Media Outlets Hastily Report News on "Hebrew Sign," While Others Correct Themselves

  • 2017-07-16
  • 12

AKEED, Husam Assal

Several news websites carried news circulated by users of social media sites about a group of Israeli tourists putting up a Hebrew sign in the ancient city of Petra, "glorifying two Israeli soldiers" killed in an operation carried out by three Palestinians in Jerusalem last Friday. Several websites later clarified the truth of the content of the sign, which did not glorify the dead soldiers. The sign had a marriage proposal addressed to a tourist.

The picture was initially posted on Facebook amid strong criticism of this action and of allowing the sign to be raised on Jordanian soil, especially at a time when the occupation authorities are closing Al-Aqsa Mosque against the background of Friday"s operation.

Many electronic sites copied the picture from social media platforms, claiming that it was of a sign glorifying the dead soldiers, without checking and translating the content of the sign. These sites took social media users as their source since a lot of news contained the statement "activists on social media sites have circulated…" On the other hand, some news sites corrected the publishing of incorrect news and not confirming the content of the sign by removing the story and republishing a new story, which contains the true content of the sign.

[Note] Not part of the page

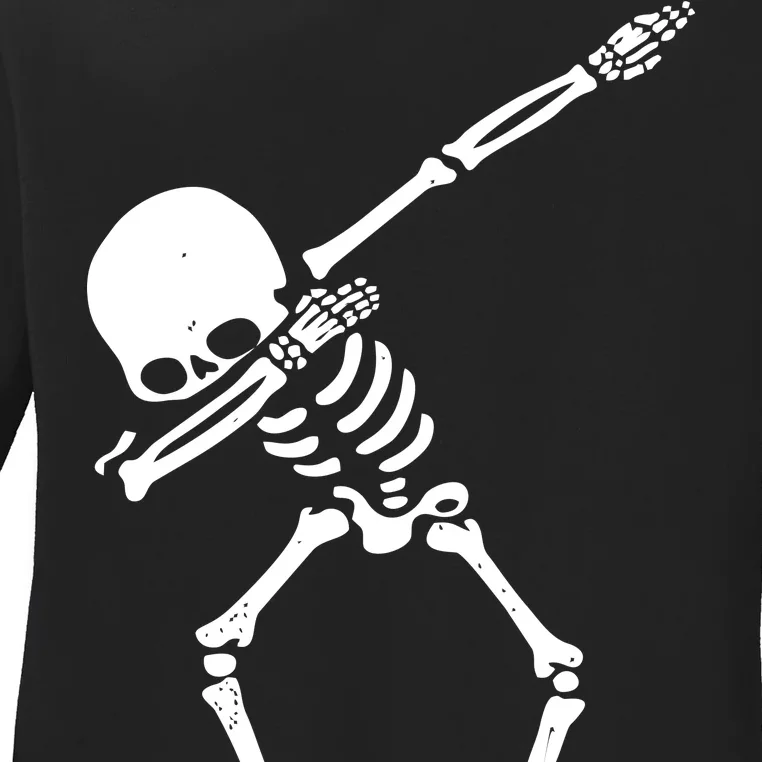 Dabbing Skeleton Dab Ladies Long Sleeve Shirt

After confirming the content of the sign, Dr. Mohammed Nawafleh, chief commissioner of the Petra Development and Tourism Region Authority, was quoted as saying in a statement that the sign had the following words: "Sweetheart Hanna Zahav, will you marry me?" He added that "the clamor that was raised on social media sites over the sign raised by an Israeli tourist was inaccurate and contained false information." The statement was carried by several news sites afterward.

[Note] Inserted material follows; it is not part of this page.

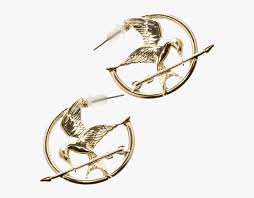 Why did the author choose a mockingjay as a symbol for rebellion? Hunger Games Mockingjay Earrings Emblem Hd Png Download Kindpng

Other sites published a statement issued by the Petra Development and Tourism Region Authority, which described news on solidarity with the dead soldiers as "inaccurate and containing falsehoods." The statement added that a tourist "proposed to a girl who was accompanying him. Tourists who were in the area clapped for him." Immediately afterward, the sign was removed.

Abdul Aziz Hasanat, host of the Israeli tourist delegation, told a news website that the sign was a marriage proposal to one of the tourists. Meanwhile, Maan Governor Hosni Qudah denied to another website the truth of reports that tourists carrying Israeli nationality had staged a sit-in in the city of Petra.

The Jordanian Media Credibility Monitor (AKEED) contacted Yahya Matalqah, a Hebrew translator, who confirmed that the content of the sign was about a marriage proposal. The Monitor thinks that news sites had fallen into the trap of haste in reporting news from social media platforms without verifying the content of the sign. This has been the case in more than one previous incident.

This is considered a violation of Article 9 of the Press Code of Honor, which stresses that "the mission of journalism requires accuracy and objectivity, and its practice requires confirming the accuracy of information and news before publishing it." It is also a violation of the "standard of accuracy" in avoiding incorrect content and errors of information.

On the other hand, the AKEED Monitor has observed that many news websites did not heed the incorrect story and did not publish it, while other websites issued corrections and made contacts with the relevant parties, which denied that the sign contained expressions of solidarity with the dead occupation soldiers. AKEED thinks that the media correcting its news and verifying the truth of this news is considered a positive practice, which has recently been expanding.